:: Instructions to follow ::
Every entry below should be copied exactly, minus the pictures.

[Image-text web data]

--- START ---

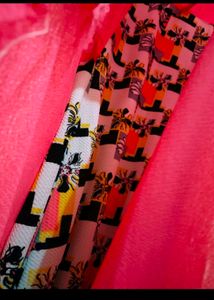 Layered High Low Anarkali Kurta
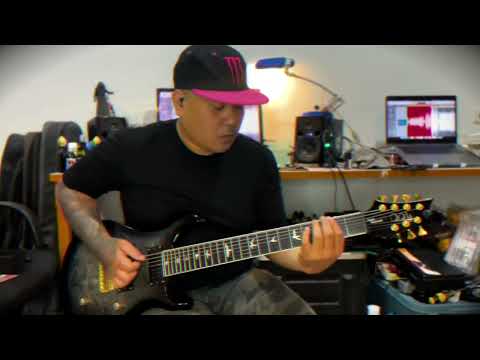 slaughter to prevail viking (guitar cover)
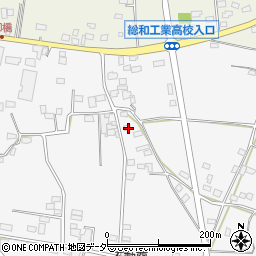 茨城県古河市葛生296-2周辺の地図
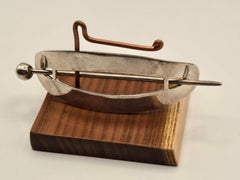 Mexikanische Haarnadel aus Sterling Silber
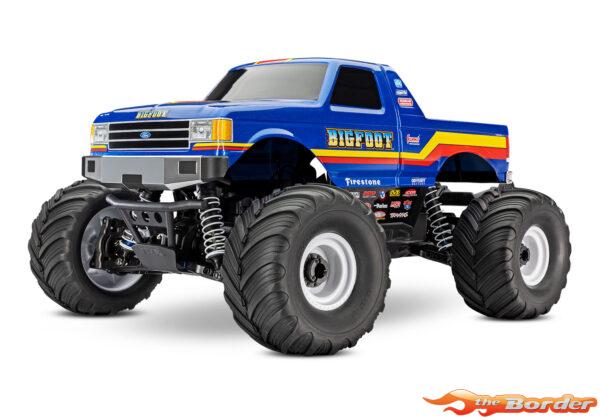 Traxxas Bigfoot 4x4 BL-2S HD RTR Monster Truck 67134-4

--- END ---

:: Response to the task ::
 Layered High Low Anarkali Kurta
 slaughter to prevail viking (guitar cover)
 茨城県古河市葛生296-2周辺の地図
 Mexikanische Haarnadel aus Sterling Silber
 Traxxas Bigfoot 4x4 BL-2S HD RTR Monster Truck 67134-4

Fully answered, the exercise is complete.